> **WORK ORDER**: Every line below from the one with "motogp_rossi_022_allemagne_sachsenring_2011.jpg" through the one with "Victorian Mansionette For" is to be repeated exactly, with no picture among them.

> **INFORMATION**:
[Start of Attachment]

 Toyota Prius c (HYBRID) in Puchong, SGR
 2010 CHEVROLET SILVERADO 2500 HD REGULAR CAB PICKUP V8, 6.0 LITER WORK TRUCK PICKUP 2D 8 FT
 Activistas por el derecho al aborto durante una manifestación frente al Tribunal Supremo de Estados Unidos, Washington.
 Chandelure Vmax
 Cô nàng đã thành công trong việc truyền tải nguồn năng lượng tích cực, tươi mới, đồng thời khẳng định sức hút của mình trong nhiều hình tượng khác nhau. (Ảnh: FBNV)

[End of Attachment]
[Start of Attachment]

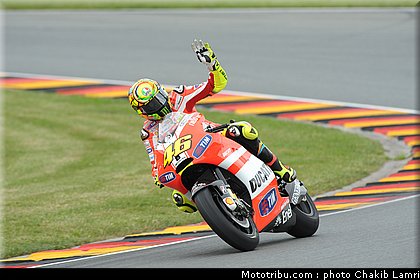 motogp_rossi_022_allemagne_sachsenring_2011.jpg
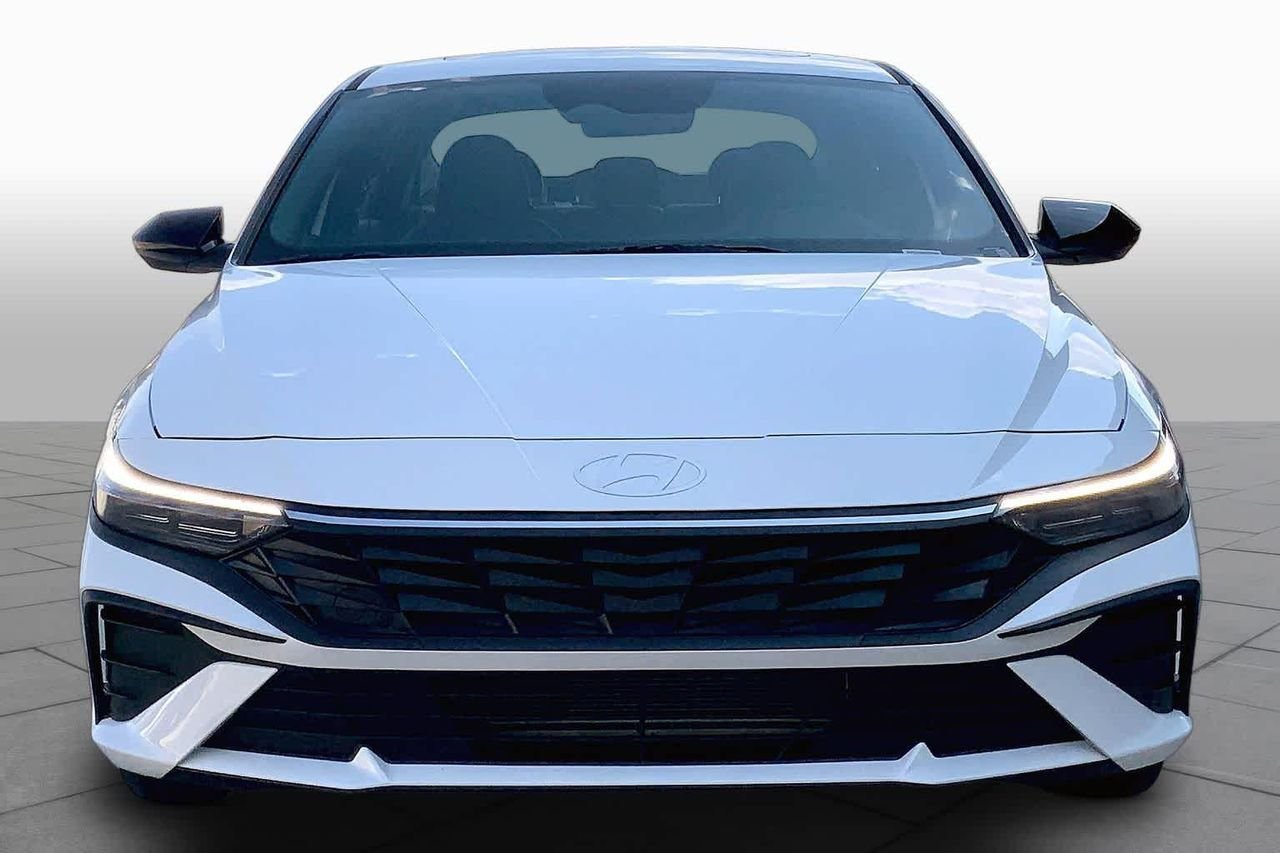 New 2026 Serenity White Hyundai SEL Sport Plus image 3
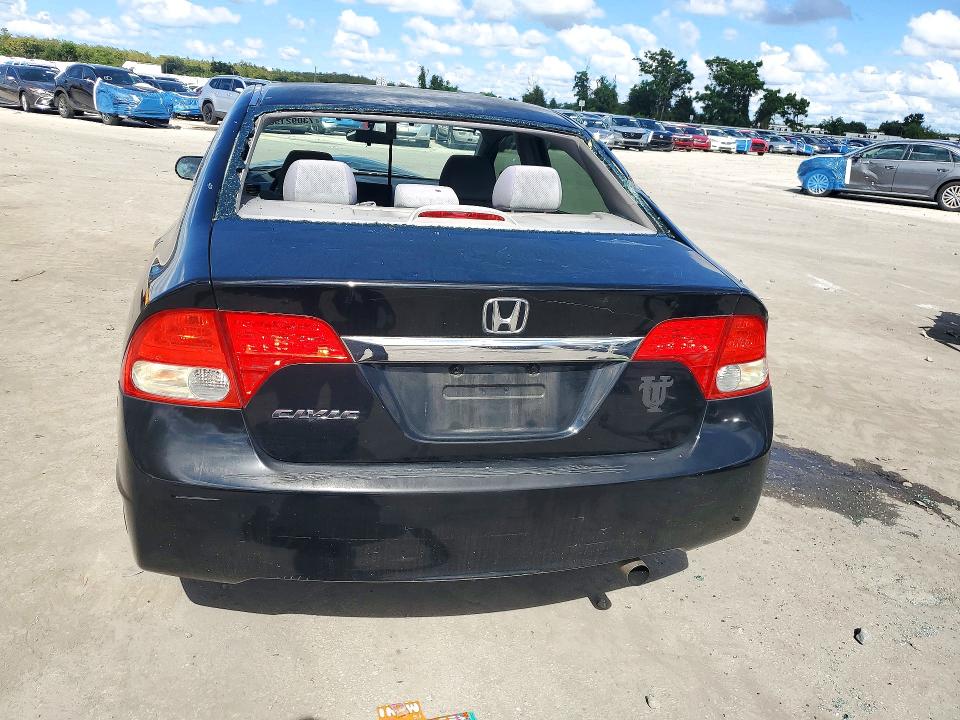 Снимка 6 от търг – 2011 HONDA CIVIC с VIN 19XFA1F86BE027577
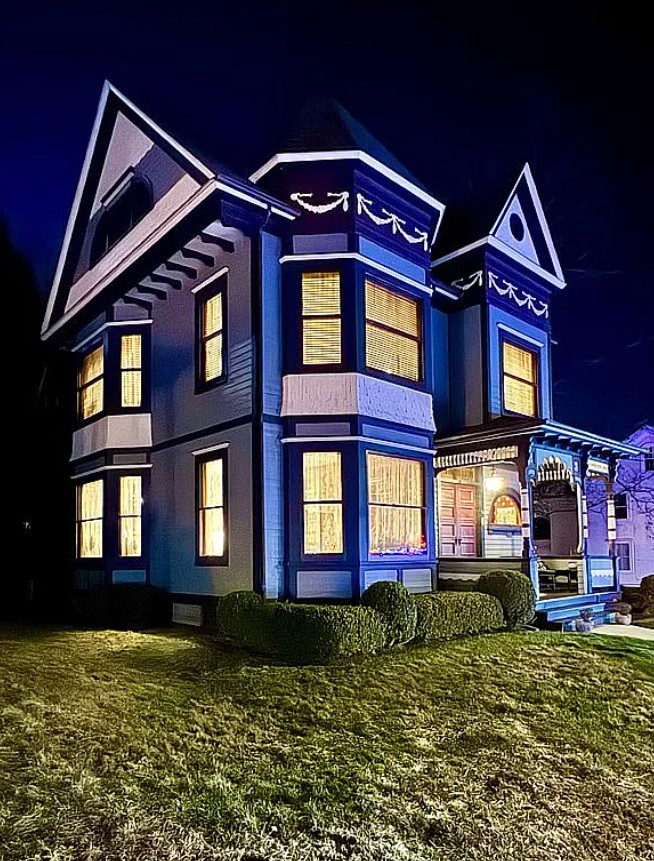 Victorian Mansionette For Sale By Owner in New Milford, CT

[End of Attachment]

> **OUTPUT**:
 motogp_rossi_022_allemagne_sachsenring_2011.jpg
 New 2026 Serenity White Hyundai SEL Sport Plus image 3
 Снимка 6 от търг – 2011 HONDA CIVIC с VIN 19XFA1F86BE027577
 Victorian Mansionette For Sale By Owner in New Milford, CT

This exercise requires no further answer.